Some pipes are more prone to freezing than others because of their location in the home.  Pipes most at risk for freezing include:

  • Exposed pipes in unheated areas of the home
  • Pipes located in exterior walls
  • Any plumbing on the exterior of the home

Perhaps you just purchased a home that has undergone a bathroom renovation and the last owner installed a brand new rain shower head by running new plumbing through the ceiling (which actually is the attic of your home).  What if the attic is not properly insulated?  Is there a risk that your new shower plumbing might freeze?

Exposed Interior Plumbing

Exposed pipes in the basement are rarely in danger of freezing because they are in a heated portion of the home.  But plumbing pipes in an unheated area, such as an attic, crawl space and garage, are at risk of freezing.
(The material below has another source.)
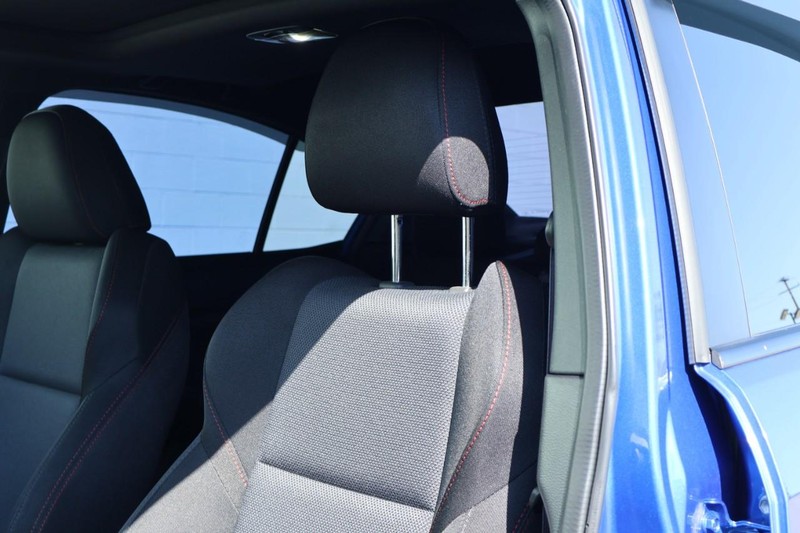 Subaru WRX Vehicle Full-screen Gallery Image 20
Often, inexpensive foam pipe insulation is enough for moderately cold climates.  Determine the diameter of the pipes and but the correct size foam insulation.  Foam pipe insulation is sold at your local hardware store.

For severe climates, opt for wrapping problem pipes with thermostatically controlled heat tape ($50-$200 depending on length) which will turn on at certain minimum temperatures.

Under-Insulated Walls

If pipes travelling in exterior walls have frozen in the past (tell-tale signs include water damage, mould and moisture build-up), it’s probably because of inadequate or improperly installed insulation.  It might well be worth the couple hundred dollars it costs to open up the wall and beef up the insulation.  Make sure you keep the fiberglass batt insulation on the cold side and no insulation on the warm side.  This keeps the pipes toward the warmest side.  You may want to consider running that pipe in PEX as it tends to be very forgiving if it freezes and not split like other pipes.  The PEX tubing has some stretch built into it.

Wrap-on pipe heating cables prevent frozen water pipes to -40f and are engineered for use on metal and rigid plastic pipes.  Most of these types of cables have a built in thermostat that turns the cable on at 38f with a power sensor light that glows when it’s on.

When nothing else works, for example a northern wall in a really cold climate, the last resort is to reroute the pipe.  Depending on how far the pipe needs to be moved, and how much damage is caused in the process, this preventative measure costs $700 or more.  Putting the room back together is extra.

In summary, keep in mind that when your plumbing is in an unheated space, it really comes down to proper insulation of the exterior wall/ceiling/attic, etc. or the pipe itself.